Why apps matter so much more in Mobile

The last few months have seen an explosion in the forking of mobile platforms, with the folks in the Android domain leading the list. The list of alternate platforms is growing every day- starting with the forks used on mainstream tablets such as the Kindle Fire and the Nook tablet from B&N ranging all the way to more obscure versions such as “Yi” from Baidu and “Aliyun” which comes from the stables of Alibaba.com. Add to this list other peripheral platforms like HP’s WebOS,  a mobile version of Ubuntu, another one from Firefox, the list is endless.

Clearly these platforms need to fulfill a basic promise that has been set by iOS and Android as a table stakes item- for a platform to see any sort of adoption, it needs to have an established “app catalog.” No apps = no consideration. Period.

The most often used argument by these players when questioned about the “app-gap” is one of circumvention if not denial- that since most content is moving to the web anyway, the very notion of app-tonnage is but a minor niggle, even one that is irrelevant .  To most of them, browser sessions will rule the roost, with dedicated apps falling by the wayside as web-apps gain more and more traction. Why bother about an app catalog when you can build the world’s best web browser?

But its not as simple as it looks- here is why.
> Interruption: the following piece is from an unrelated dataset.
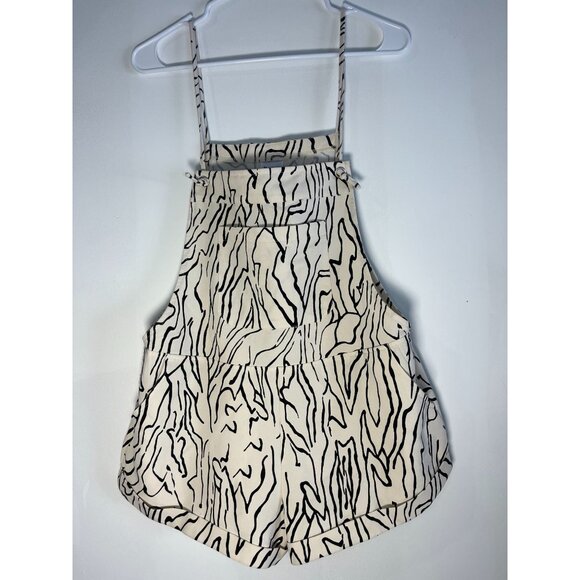 Princess Polly Women's Overalls Zebra Striped Size 2 - Picture 8 of 8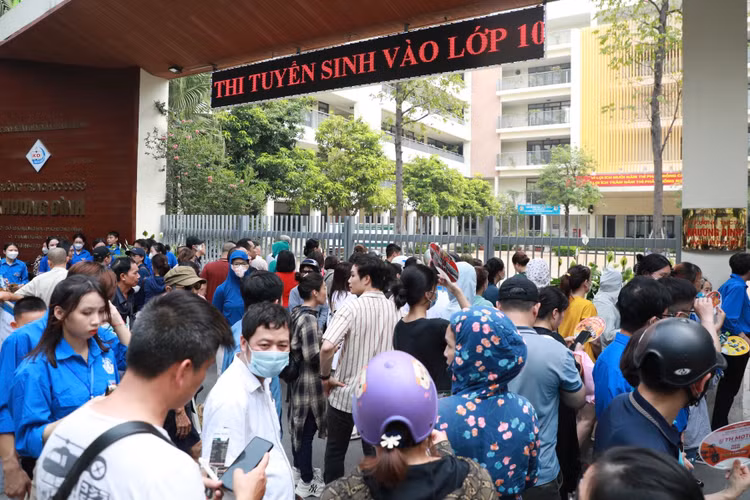 Ket thuc thi vao lop 10 Ha Noi: Phu huynh, hoc sinh vo oa cam xuc-Hinh-12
1. Apps are designed to bring content to you- you don’t have to go looking for it

Try this series of events—> open browser—>go to a website, navigate through layers upon layers of links on the top, bottom and both sides of the webpage before you can finally find the topic of interest.  Then click, double click to center your content and then wrangle yourself in a series of endless click-double click loops.

This is the problem- most mobile browsers may be desktop class, but most mobile websites are not. Layouts are optimized for an 18” + desktop monitor- and navigating through this maze of popups, blinking ads, nested DHTML and CSS menus etc. before getting to your content is a pain – whichever way you put it.

2. Apps remove the headache of remembering bookmarks, credentials and shortcuts

Mobile navigation is meant to be visual with a content first approach. A subscriber to a content website like say The New York Times, does not need to remember his credentials each time he wants to look up content. An app saves those precious seconds where a user needs to pause to think- and those seconds can mean the difference between accessing the content or getting frustrated and  distracted away. Plus, who wants to remember yet another username and password?

3. Apps exploit hardware in a native way that no amount of web-friendly code can

Clearly apps are more than just bringing web content to the confines of a tiny screen. Take games like Need For Speed that make use of the hardware elements of the device for motion controls such as the accelerometer and the gyroscope to render real time content. The same is true with mapping and navigation apps that use the digital compass. Oh and what about apps like Skype that need access to the camera, the microphone and the speakers? The APIs for hardware that can be accessed within the browser engine are limited- if not non-existent, so certain apps need to be native to the OS, and not tied to web content.

4. Focuses on content – No ads and distractions, panning, pinching and zooming:

Unlike browser based sessions where your screen becomes a smorgasbord of flashing ads, pop up screens, refreshing frame elements, live stock tickers and a zillion scorecards, apps let you get to your content first. Oh- and you don’t have to “click here to skip this ad”, or “wait 30 seconds for your article to load.” Given the limitations of small screens, every pixel is optimized to be used as efficiently as possible.

5. No lags:

While HTML5 shows much promise in terms of offering a zero lag experience, the fundamental premise is that app sessions are basically rendered using the browser’s rendering engine. While this is relatively less consequential for apps that are light (Amazon’s Kindle App), it can be a little dicey on heavier content. A native app hooks into the device’s plumbing at a level so deep that no browser engine can come close to.